Discrete embedding in latent space

Discrete latent space, VQ-VAE

In recent reading, I noticed a model, called VQ-VAE, frequently used in latent diffusion model. It is under the framework of auto-encoder and, instead of using a continuous latent space, use a discrete latent encoding dictionary. In this post, I am going to review why it is popular and how it works.

What is the latent space and what makes a good latent space?

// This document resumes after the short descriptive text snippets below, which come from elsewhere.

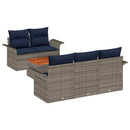 Havesofa Sæt med pude 6 pcs Grå polyrattan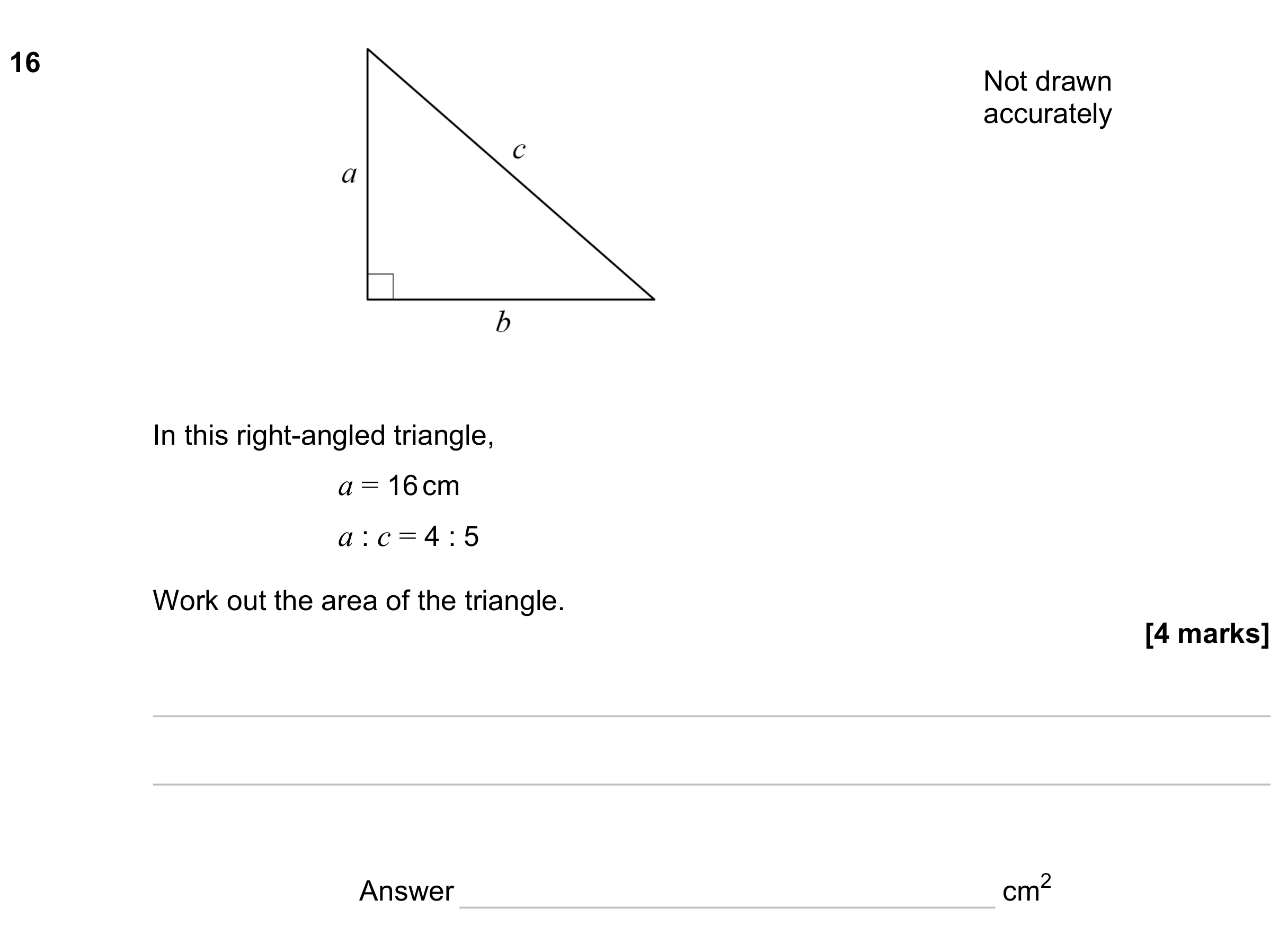 Question 16 — Perimeter and Area, Ratios — AQA GCSE June 2023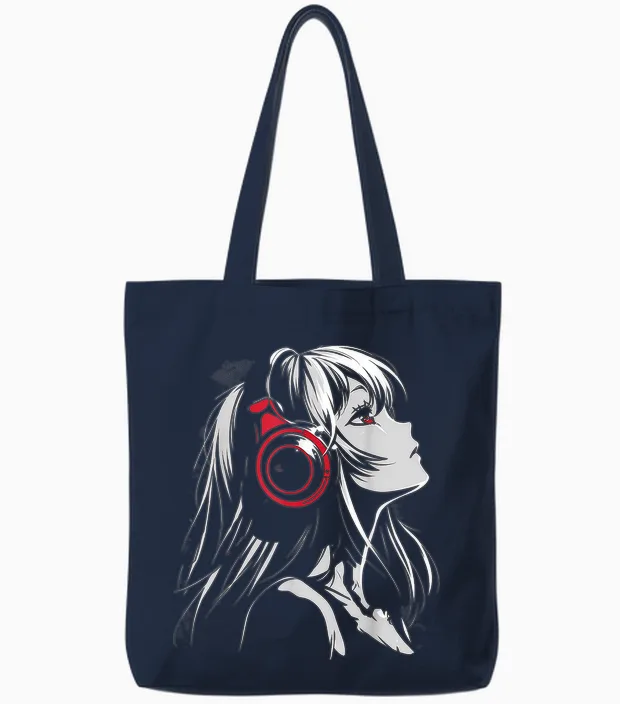 Anime Manga Pattern Helmet Illustration Anime T-Shirt, Black, S Tote Bags in Navy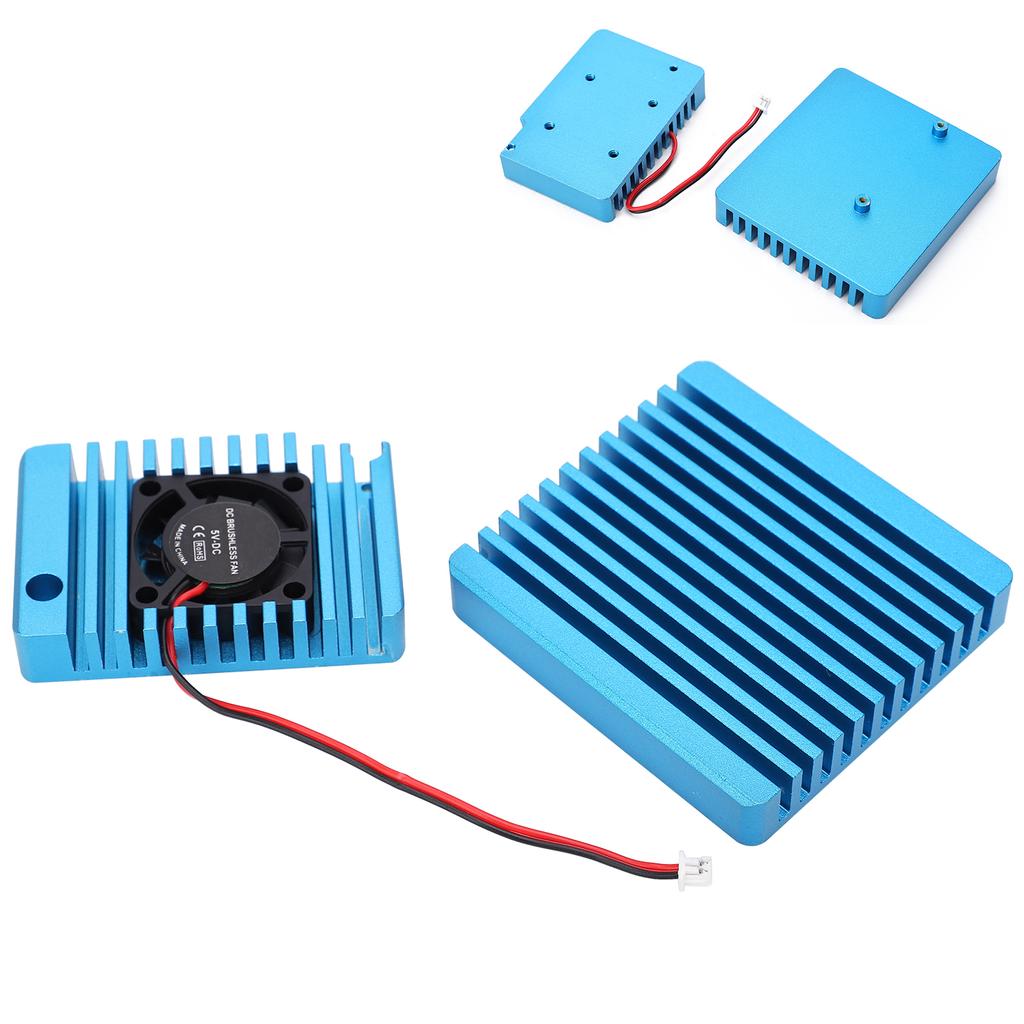 Aluminum Alloy Heat Sink Radiator with Mini Cooling Fan Heat Fin Cooler for NanoPi R2S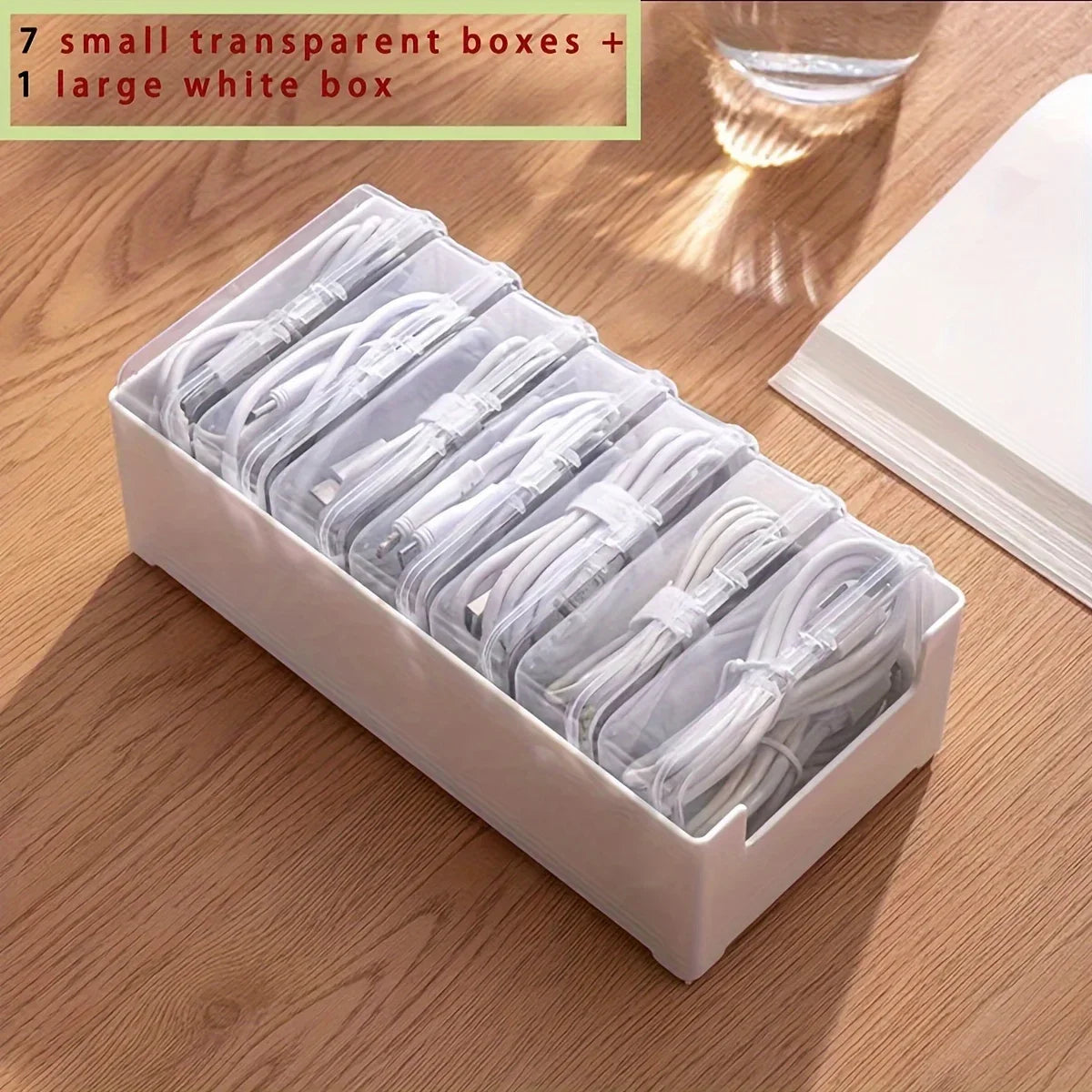 Data Cable Storage Box with 7 Compartments Desktop Cable Organizer Wire Management Box for Office Desk Accessories 20×10×7.5cm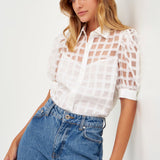 ENGLISH FACTORY-Short Sleeve Organza Grid Blouse-TOPS available at Objectrare
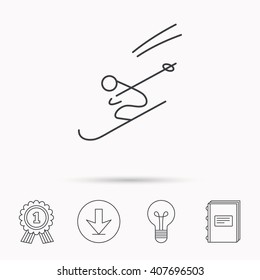 Skiing icon. Skis jumping extreme sport sign. Speed competition symbol. Download arrow, lamp, learn book and award medal icons.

Latent space refers to a lower-dimensional representation of the input data. It is constructed to captures the underlying structure and variations present in the data. Latent space is widely used in machine learning, especially in generative model, for several important reasons. First of all, there is a necessity to generate compressed representation of the data. In general, a modern dataset(i.e. ImageNet, CIFAR and etc) contains far more information than parameters in a model and the information at a model’s bottleneck is typically used as latent embedding. Secondly, a latent space can unify different data type(i.e. text, image, label etc) into a same latent space and make the iteration of signals more efficient. Last but the not the least, latent space is a very flexible concept and can be constructed differently(under different model architectures or objective functions) according to different goals.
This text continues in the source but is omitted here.